OLD WORLD ARCHITECTURE MEETS RUGGED MARITIME HISTORY
Nestled between the Pacific Ocean to the South and the Bering Sea to the North, Dutch Harbor’s position between Alaska’s mainland and Russia has endowed the port with a unique heritage and history as the only American port besides Pearl Harbor to be bombed during World War II.
Today Dutch Harbor is one of the richest fishing ports in the US, bringing in huge harvests of pollock, cod, and most famously, Alaskan king crab, as documented on the hit series Deadliest Catch. The vast marine life of this area attracts more than 40 million seabirds to the region, making Dutch Harbor a birder’s paradise. Bald eagles, short-tailed albatross, and horned puffins—all share the bounty of these waters with sea lions, sea otters, harbor porpoises, and humpback whales. Take a charter boat to see these majestic creatures for yourself, or take to the water in a sea-kayak for an up-close look.

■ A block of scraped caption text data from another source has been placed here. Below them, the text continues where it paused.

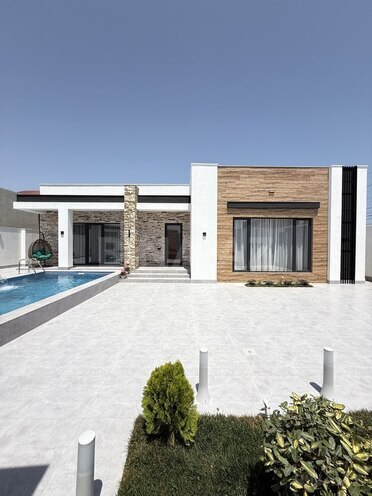 4 otaqlı həyət evi/bağ evi - Mərdəkan q. - 165 m² (1)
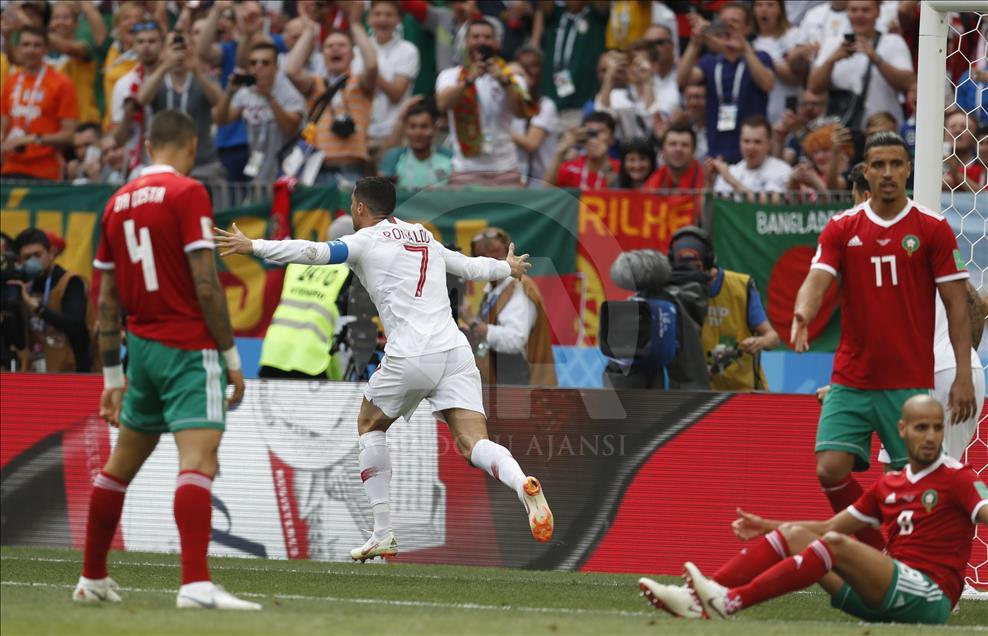 Portugal contra Marruecos: Grupo B de la Copa Mundial de la FIFA 2018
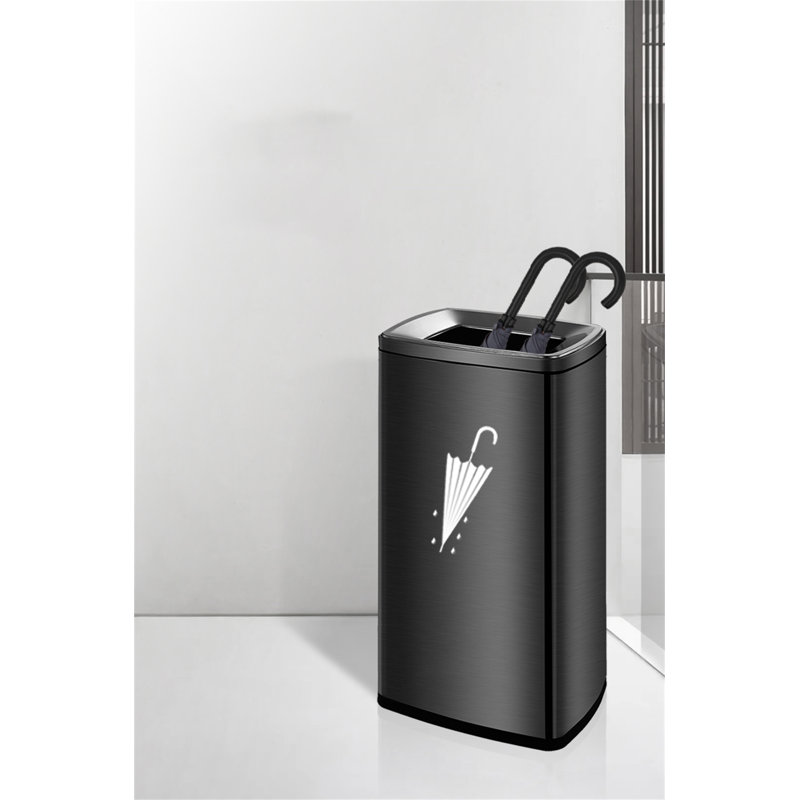 Metal Freestanding Umbrella Stand, Black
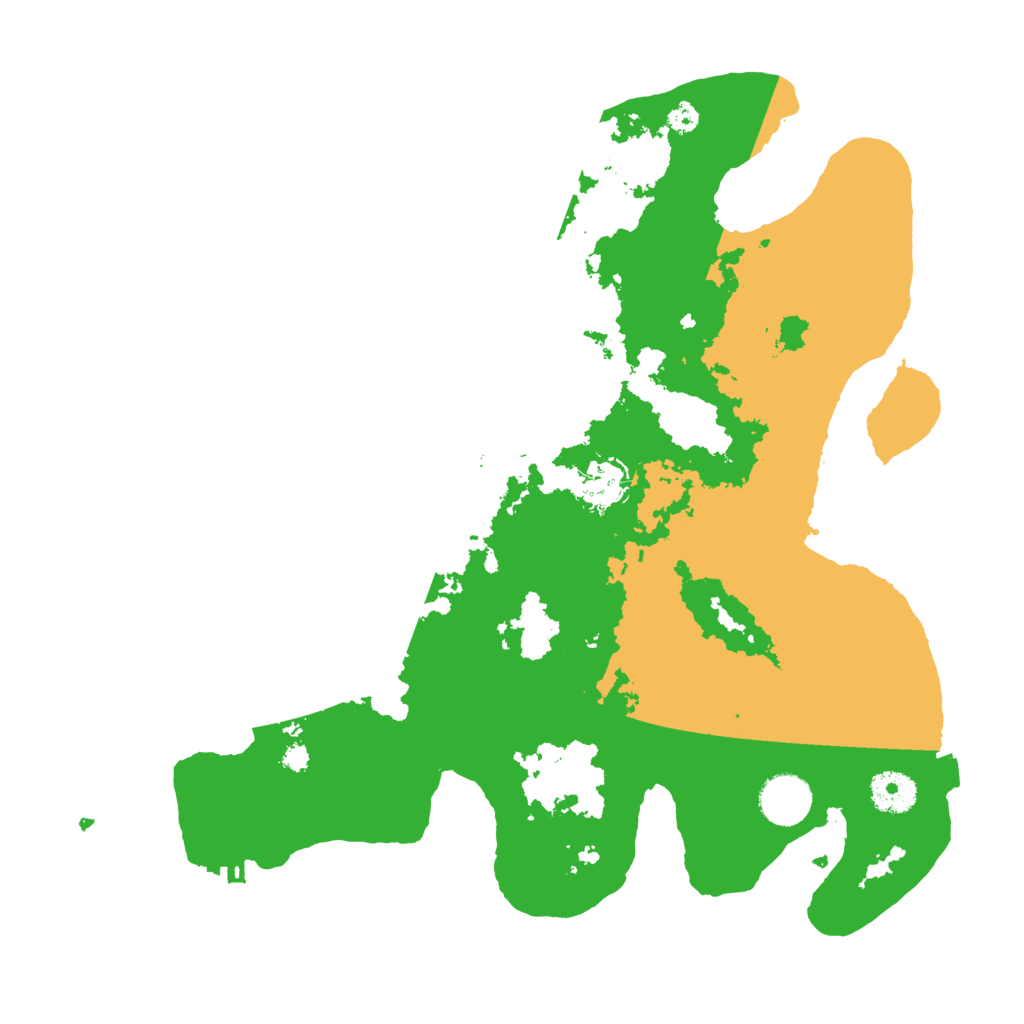 Biome Rust Map: Procedural Map, Size: 3500, Seed: 1991119981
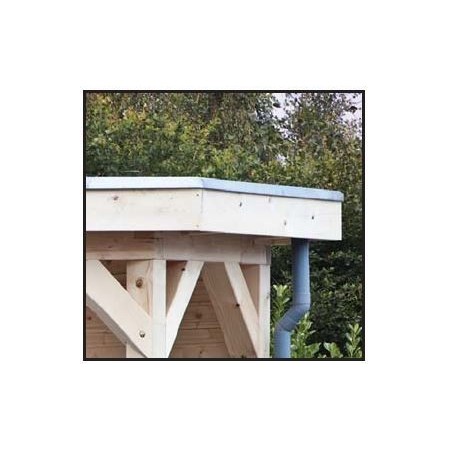 Bande de rive en aluminium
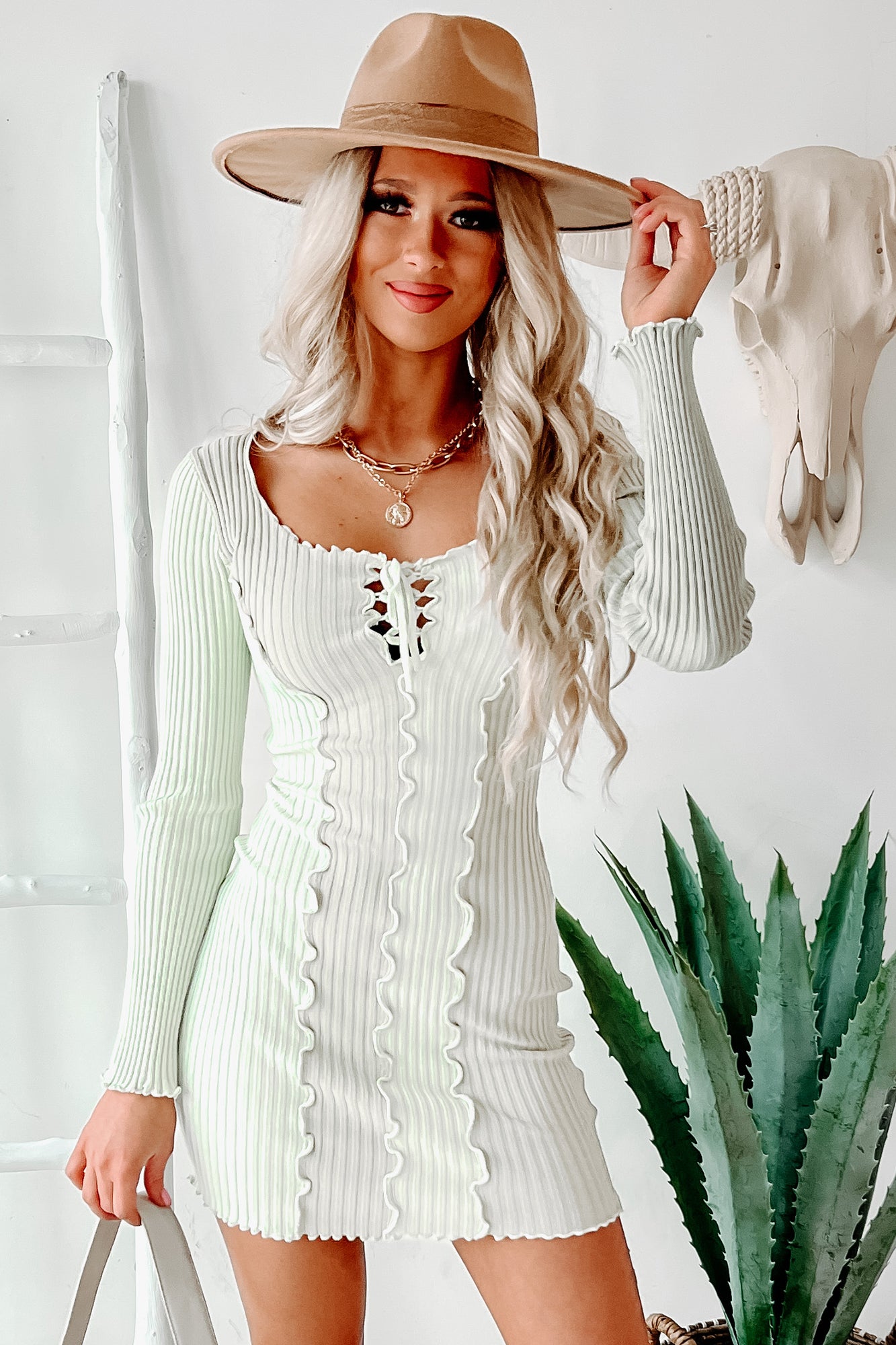 Rekindle Love Ruched Halter Mini Dress (Sage) · NanaMacs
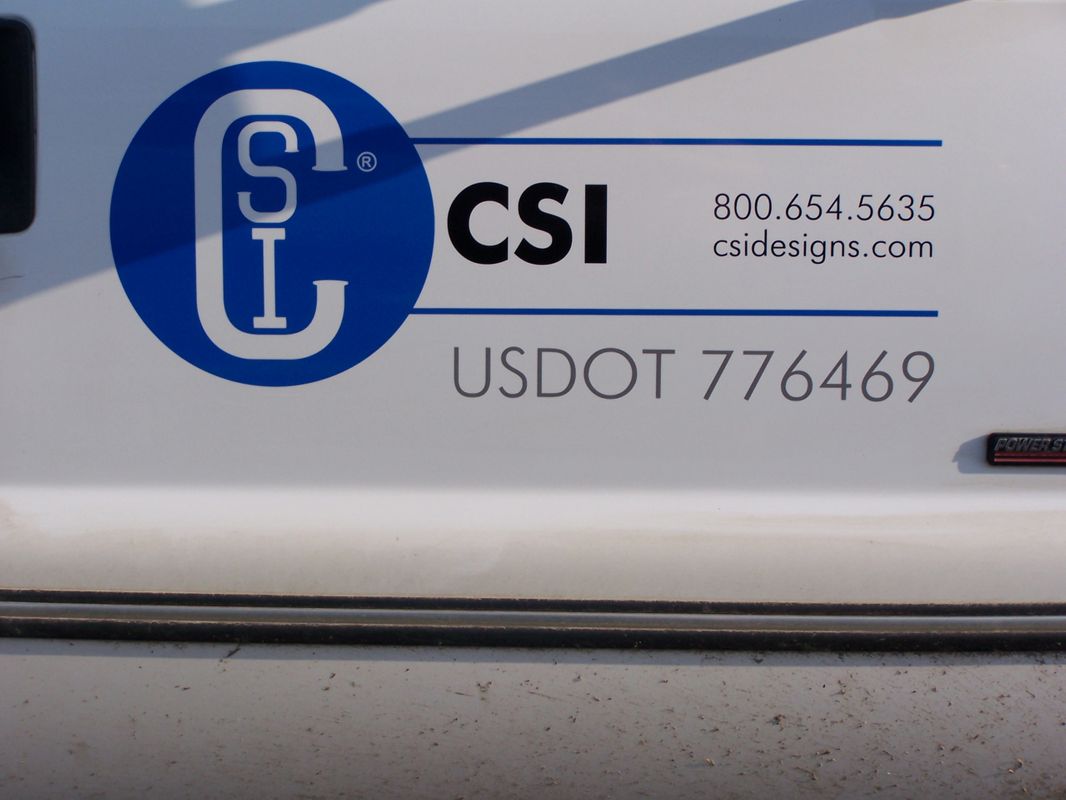 White CSI Truck — Springfield, MO — Stripes and Stuff Graphics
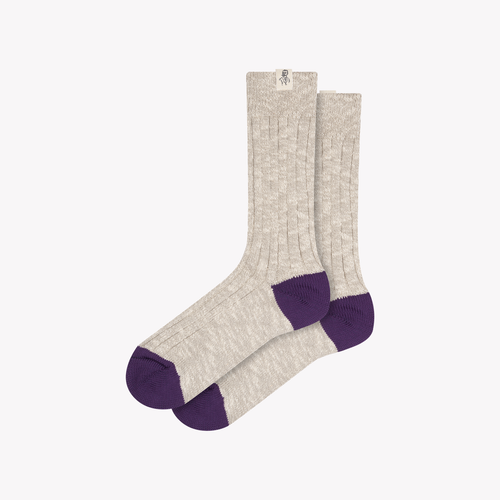 Gray unisex thick socks - Atelier Tuffery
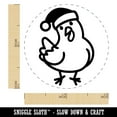 thumbnail image 2 of Santa Christmas Chicken Self-Inking Rubber Stamp Ink Stamper - Brown Ink - Mini 1/2 Inch, 2 of 7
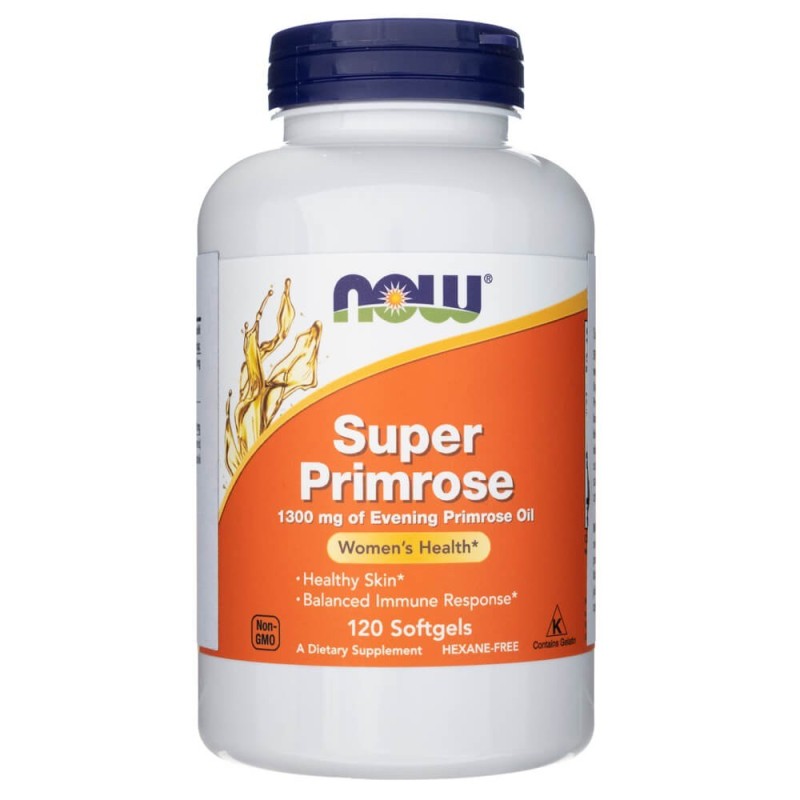Now Foods Super Primrose 1300 mg - 120 kapsułek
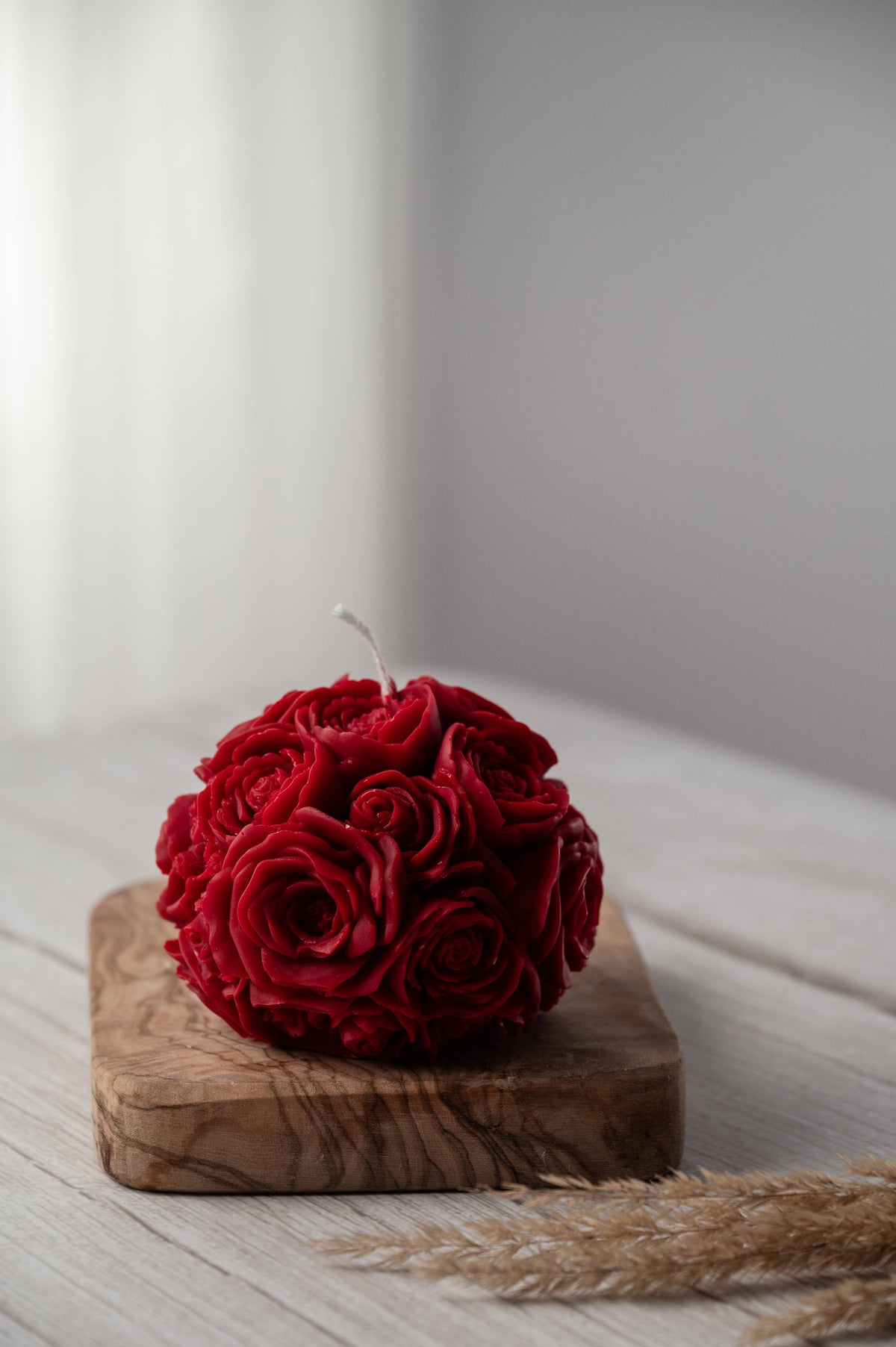 Rose Flower Ball Candle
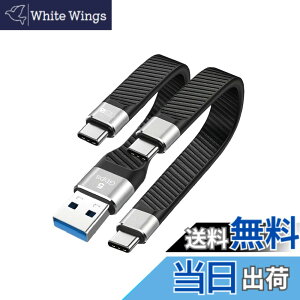 �y���������zEzo Flex USB-C to USB-C �Z���P�[�u�� 13.5cm ���` �f�[�^�]���E�[�d�P�[�u�� PD�[�d�Ή� 0.13m USBC - USBC Type-C to Type-C �t���b�g�P�[�u�� Thunderbolt 3 / 4 �Ή� �����f�[�^�]�� �����[�d
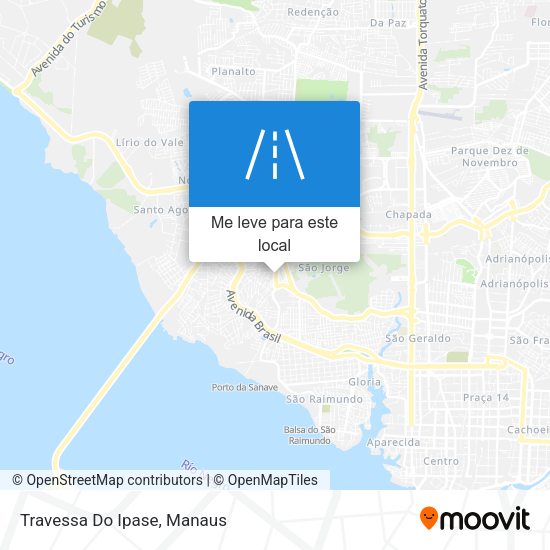 Travessa Do Ipase mapa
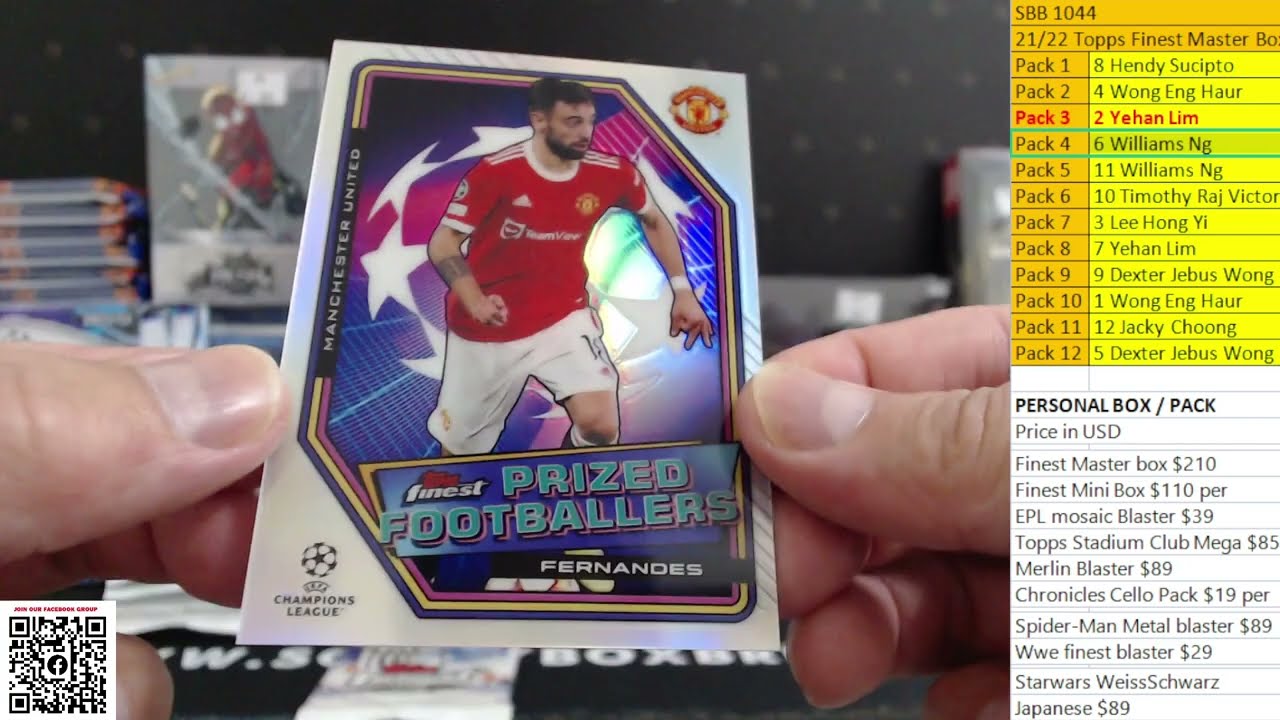 SBB 1044 * 1/1 SUPERFRACTOR AUTO!!! 21/22 TOPPS FINEST MASTER HOBBY BOX RANDOM  PACK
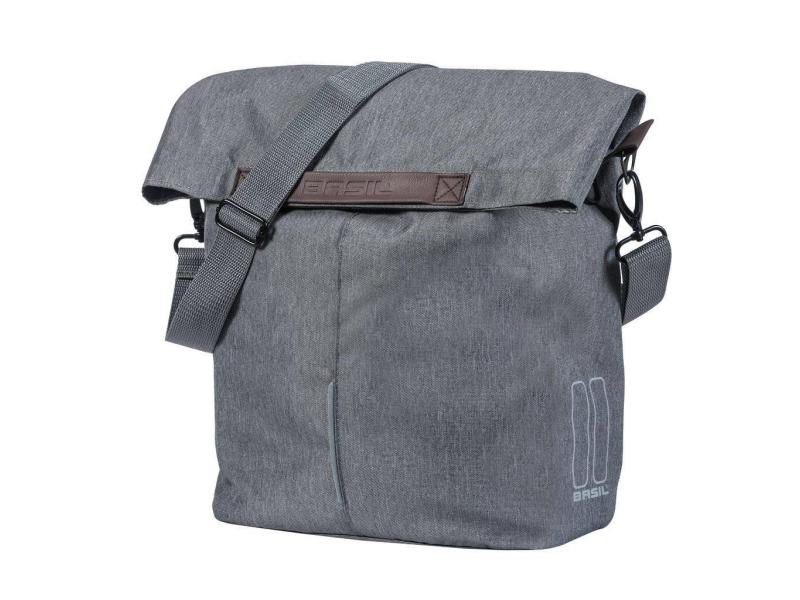 BASIL Fahrradtasche City Shopper Gepäckträgertasche, Grau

Dubbed the birthplace of winds, not even Dutch Harbor’s occasional bout of foul weather can stop you from enjoying its beauty. There’s a ceaseless list of things to see and do. Hiking, mountain biking, and skiing are all viable options, and there’s no shortage of sightseeing. Visit the port’s most stunning example of architecture, a 17th century Russian Orthodox cathedral. Take a walk around Bunker Hill or mountain bike the trails around Sitka Spruce Park. Whatever way you choose to explore Dutch Harbor, it’s sure to be breathtaking.